The potential risks and possible rewards make this an ideal spread trade for bulls.

Buying shares of the stock exposes traders to significant risks in dollar terms. A spread trade with options allows traders to obtain exposure to the stock with a defined level of risk. That strategy is explained in detail below, at the end of this article.

A Specific Trade for EXPE

For EXPE, the March 20 options allow a trader to gain exposure to the stock. This trade will be open for about six weeks and allows for traders to turn over capital quickly, potentially compounding gains several times a year.

A March 20 $125 call option can be bought for about $3.05 and the March 20 $130 call could be sold for about $1.46. This trade would cost $1.59 to open, or $159 since each contract covers 100 shares of stock.

The amount paid to enter the trade is the largest possible loss on the trade. This is generally true whenever a trader is creating a debit to enter an options trade. “Creating a debit” means there is a cost to enter the trade. You could create a debit by simply buying puts or calls to open a directional trade.

In this trade, the maximum loss would be equal to the amount spent to open the trade, or $159.

The maximum gain on the trade is equal to the difference in exercise prices less the amount of the premium paid to open the trade.

For this trade in EXPE the maximum gain is $3.41 ($130- $125= $5; $5 – $1.59 = $3.41). This represents $341 per contract since each contract covers 100 shares.

Most brokers will require minimum trading capital equal to the risk on the trade, or $159 to open this trade.

That is a potential gain of about 114% based on the amount risked in the trade.
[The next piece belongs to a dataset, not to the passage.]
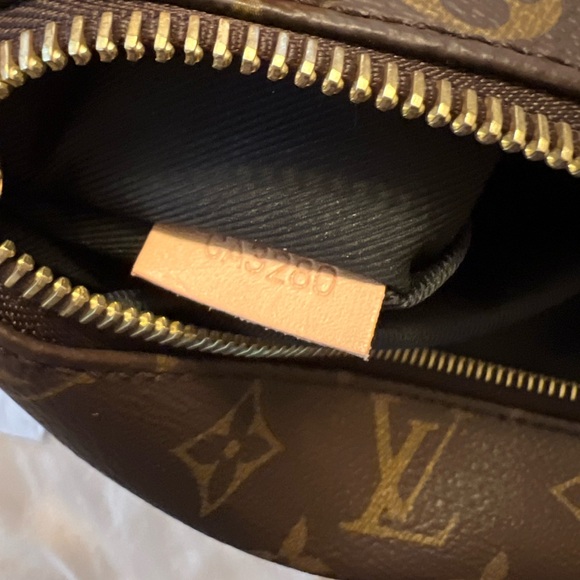 (NOT FOR SALE) Louis Vuitton Canvas Monogram Bumbag - Picture 10 of 10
The trade could be closed early if the maximum gain is realized before the options expire.

A Trade for Short Term Bulls

As with the ownership of any stock, buying EXPE could require a significant amount of capital and exposes the investor to standard risks of owning a stock.

To reduce the risks of a trade, an investor could purchase a call option. This allows them to benefit from upside moves in the stock while limiting risk to the amount paid for the options. However, buying a call option can also require a significant amount of capital and includes the risk of a 100% loss.

Whenever an option is bought, the maximum risk is always equal to 100% of the amount of spent to purchase the option. Since options cost significantly less than a stock, the risk in dollar terms will usually be relatively small to own an option.

To further limit the risks of the trade, an investor could use a bull call spread. This strategy consists of buying one call option and selling another at a higher strike price to help pay for the cost of buying the first call. The spread strategy always reduces the risk of an options trade.

This strategy is designed to profit from a gain in the underlying stock’s price but has the benefit of avoiding the large up-front capital outlay and downside risk of outright stock ownership. The potential risks and rewards of this strategy are summarized in the chart below.

bull call spread

Source: The Options Industry Council

Both the potential profit and loss for the bull call spread are limited. The maximum loss is equal to the net premium paid when the trade is opened. The maximum profit is limited to the difference between the strike prices, less the debit paid to put on the position.

This strategy could be especially appealing with high priced stocks where the share price and options premiums are often a significant commitment of capital for smaller investors.